INFORMATION REQUIRED IN THE REGISTRATION STATEMENT

 

 

Item 3.

Incorporation of Documents by Reference.

          The following documents and information filed with the Commission by the Registrant are incorporated herein by reference:

 

 

 

 

 

 

the Registrant’s Annual Report on Form 10-K for the fiscal year ended June 30, 2011;

 

 

 

 

 

 

the Registrant’s Quarterly Reports on Form 10-Q for the quarters ended September 30, 2011 and December 31, 2011;

 

 

 

 

 

 

the Registrant’s Current Report on Form 8-K filed with the Commission on November 17, 2011 and the amendment thereto on Form 8-K/A filed with the Commission on November 21, 2011; and

 

 

 

 

 

 

the description of the Registrant’s Common Stock contained in the Registrant’s Form 8-K filed with the Commission on March 16, 2012.

All documents subsequently filed by the Registrant with the Commission pursuant to Sections 13(a), 13(c), 14 and 15(d) of the Securities Exchange Act of 1934, as amended, prior to the filing of a post-effective amendment indicating that all of the securities offered hereunder have been sold or deregistering all securities then remaining unsold, shall be deemed to be incorporated by reference herein and to be part hereof from the date of filing of such documents.

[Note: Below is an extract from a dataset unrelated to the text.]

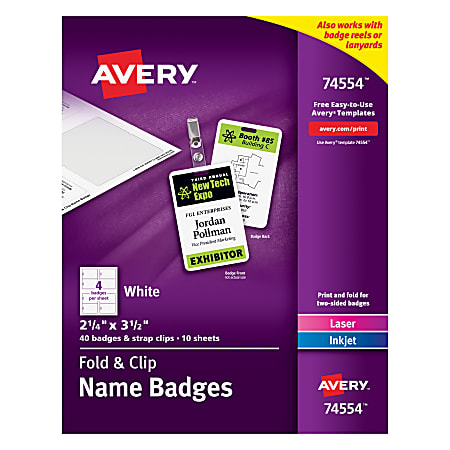 Avery® Fold And Clip Name Badges, Top Loading, 2 1/4" x 3 1/2", Box Of 40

Any statement contained in a document incorporated by reference herein shall be deemed to be modified or superseded for purposes hereof to the extent that a statement contained herein or in any subsequently filed document that is also incorporated by reference


herein modifies or supersedes such statement. Any statement so modified or superseded shall not be deemed, except as so modified or superseded, to constitute a part of this Registration Statement.

 

 

Item 5.

Interests of Named Experts and Counsel.

 

 

          Not applicable.

 

 

Item 6.

Indemnification of Directors and Officers.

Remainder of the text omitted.